We evaluate our pups but do not exactly do a "traffic test" as is done in other types of evals. Some are familiar with the traffic tests some are not, not going to go into that though. 

Our dogs could care less about bicycles. However, we do have cyclists that frequent our road on Sundays, often some club or something. They come out into the country and ride for miles. We are on a country highway. The 2 dogs we have in the front field generally do not pay much attention to them EXCEPT if they are going too slow or slow down in front of their fencing. Then it is a problem. My female is not okay with anyone getting too close or stopping right in front. She is fine if someone pulls into our parking area, which is directly beside her fencing.  For her it has nothing to do with the bike but anyone stopping and being where their not suppose to be.

Our other two LGD's have less exposure but could care less.

Our dogs are use to bikes because our children have bikes, rarely used here on the land, but they are familiar with them.
-------------------------------------------------------------------------

I might get clobbered for this one but I cannot stand the cyclist!   No matter what group is touring through the county... they are RUDE! Very narrow country roads... a group of 30 and not follow basic cyclist rules and they will not go single file to allow cars etc to move past them... you may be stuck behind this group for 10-13 miles. They won't even let tractors pass. They aren't from here, they are from the city and come out here with such arrogance. Maybe that's the issue... 

Maybe Thor just has good discernment.


----------



## Southern by choice (Mar 3, 2014)

Found that link- video... it is 5 minutes long but a great watch, especially towards the end.
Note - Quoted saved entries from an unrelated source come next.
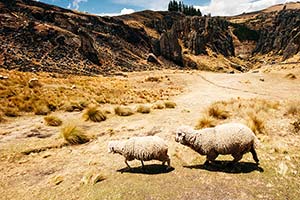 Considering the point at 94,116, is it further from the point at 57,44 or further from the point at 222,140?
the point at 57,44

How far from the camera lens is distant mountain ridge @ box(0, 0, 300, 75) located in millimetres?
60375

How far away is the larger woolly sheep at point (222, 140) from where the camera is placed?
309 inches

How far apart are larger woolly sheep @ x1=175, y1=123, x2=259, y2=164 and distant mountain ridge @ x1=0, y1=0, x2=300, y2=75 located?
46.0 meters

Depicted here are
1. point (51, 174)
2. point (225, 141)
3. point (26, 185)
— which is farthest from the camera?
point (51, 174)

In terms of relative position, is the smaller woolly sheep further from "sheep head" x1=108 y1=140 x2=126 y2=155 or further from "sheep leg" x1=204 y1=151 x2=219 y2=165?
"sheep leg" x1=204 y1=151 x2=219 y2=165

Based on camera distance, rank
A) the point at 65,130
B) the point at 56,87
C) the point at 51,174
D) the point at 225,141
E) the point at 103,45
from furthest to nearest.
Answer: the point at 103,45 < the point at 56,87 < the point at 65,130 < the point at 51,174 < the point at 225,141

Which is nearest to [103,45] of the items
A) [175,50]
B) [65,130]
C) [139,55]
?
[139,55]

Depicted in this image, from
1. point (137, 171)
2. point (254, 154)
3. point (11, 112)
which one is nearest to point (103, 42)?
point (11, 112)

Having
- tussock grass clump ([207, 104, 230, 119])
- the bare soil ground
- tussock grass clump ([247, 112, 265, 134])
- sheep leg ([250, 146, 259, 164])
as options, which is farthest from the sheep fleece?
tussock grass clump ([207, 104, 230, 119])

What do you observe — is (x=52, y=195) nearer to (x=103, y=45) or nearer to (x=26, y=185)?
(x=26, y=185)

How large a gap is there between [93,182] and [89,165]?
5.84 feet

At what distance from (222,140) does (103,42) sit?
273 feet

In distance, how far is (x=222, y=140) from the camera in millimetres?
8008

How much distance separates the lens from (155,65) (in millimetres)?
85875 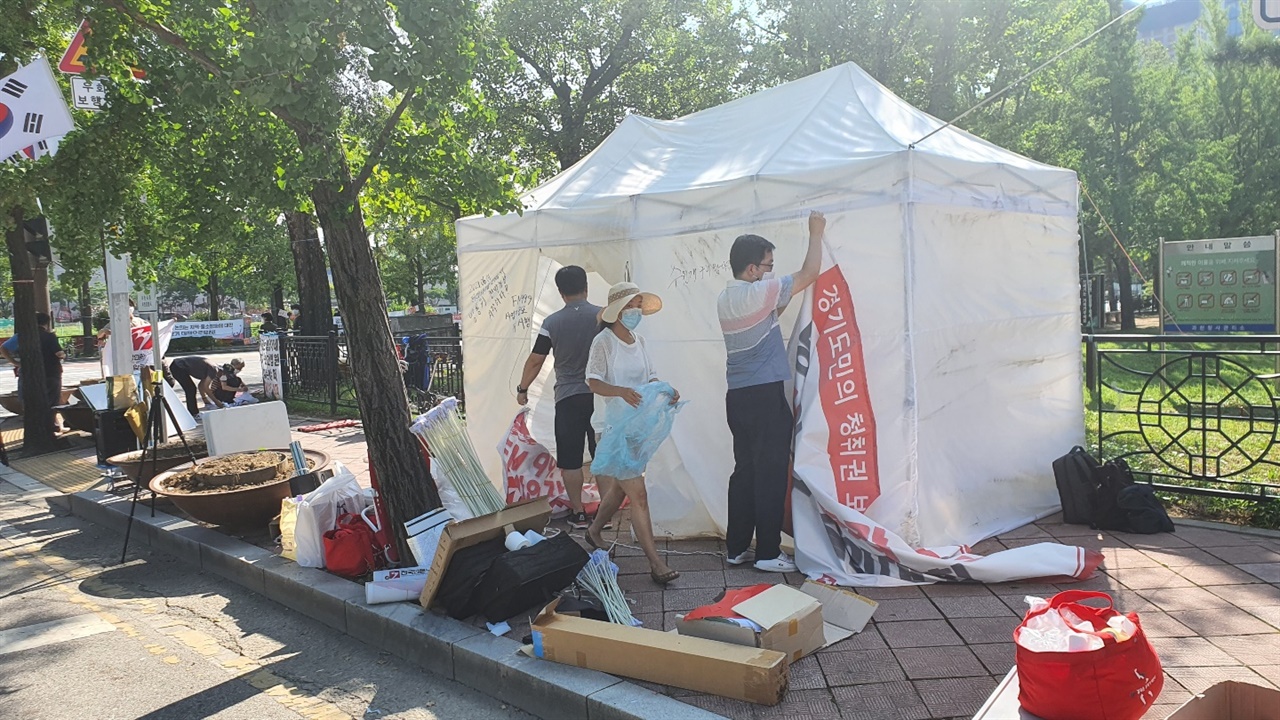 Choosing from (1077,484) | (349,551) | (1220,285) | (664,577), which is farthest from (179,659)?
(1220,285)

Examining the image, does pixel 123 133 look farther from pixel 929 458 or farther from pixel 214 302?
pixel 214 302

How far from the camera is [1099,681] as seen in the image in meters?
2.61

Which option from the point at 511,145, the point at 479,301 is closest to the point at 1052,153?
the point at 511,145

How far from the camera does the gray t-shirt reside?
5852 mm

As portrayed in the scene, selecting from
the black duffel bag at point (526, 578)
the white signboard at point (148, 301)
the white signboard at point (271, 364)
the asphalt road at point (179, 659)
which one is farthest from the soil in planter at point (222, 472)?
the white signboard at point (271, 364)

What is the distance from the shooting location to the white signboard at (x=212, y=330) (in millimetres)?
38281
http://dexvid.com/index.php?w=67ObjymUif8


----------



## Timberdoodle (Mar 3, 2014)

Southern by choice said:


> Found that link- video... it is 5 minutes long but a great watch, especially towards the end.
> 
> http://dexvid.com/index.php?w=67ObjymUif8



That's an outstanding video, packed with good factual advise. IMO it should be mandatory viewing for anyone with a hiking permit on public lands in the Intermountain West where open range herds are common. Unfortunately, the agencies controlling much of the land in the west do NOT post information about herds and LGDs at trailheads and to double the problem may hikers and bicyclists are completely uneducated about LGDs and their roles (hiking in the forest around here, I will frequently come upon a large white dog just lying around, no herd in sight. But, to me it's a distinct alert meaning there is a flock nearby. I don't think tho many hikers recognize the dog laying about by itself for the warning it is). It makes for a bad situation all around and unfortunately, in our not so open minded society, the dogs take the rap. Yes, I agree that dogs can be "socialized" to accept such things and that they can be temperament tested to eliminate those that react "undesirably" to certain stimuli but, I was more interested in this bicycle behavior as an instinctual thing. It's like a passing bicycle awakes some primal urge for protection in my dog and others. I find it rather interesting and a wondering to it's prevalence out there. OH!, and I agree....no trouble from me.....by and large bicyclists are RUDE!


----------



## Southern by choice (Mar 3, 2014)

Is Thor bothered by them if they are not moving?
You make some very good observations. 
Grt Pyrenees are notorious for chasing cars. Especially tires. 
None of mine do but I know it is very common.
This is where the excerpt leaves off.